Lucette thinks he should attend the next four balls, which hopefully won't be taken as an insult by anyone he repeats this to.
During the third course, Lord Cromstone innocently asks Lucette what she thought of the events of the previous evening's ball.
"-thought it was chaotic but ultimately unlikely to amount to more than a scandalous piece of gossip." Lucette replies in a tired monotone.
A servant bending over to refill Lucette's water stops moving, pouring into a rapidly overflowing cup.
"- let me go retrieve my notes on the matter for you," says Haru, standing up. "Lady Oakhill, the servant's spilled water on your dress, if I'm not much mistaken -"

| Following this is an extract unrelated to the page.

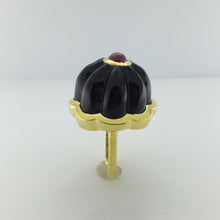 Gold Plated Sterling Silver Onyx and Ruby Ring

The Earl Marshal glances at his wife nervously, and a moment later the eyes of Lucette and her servant glaze over, and Haru's backlash accumulation goes from substantial to stronger than just about any psychic attack he's faced in a dungeon.
"I'll be right back with those notes," Haru lies, and he lopes out of the room as quickly as he can.
"- Earl Marshal, I'm surprised. Perhaps you mean to say you wanted only my off-the-cuff recollection?"
"If you'd kindly back off now." Because if he doesn't Haru's going to have to fly through the window. Without opening it.
"It would not do either of us any good to have our secrets known," says the countess as Haru's backlash accumulation slows to a trickle.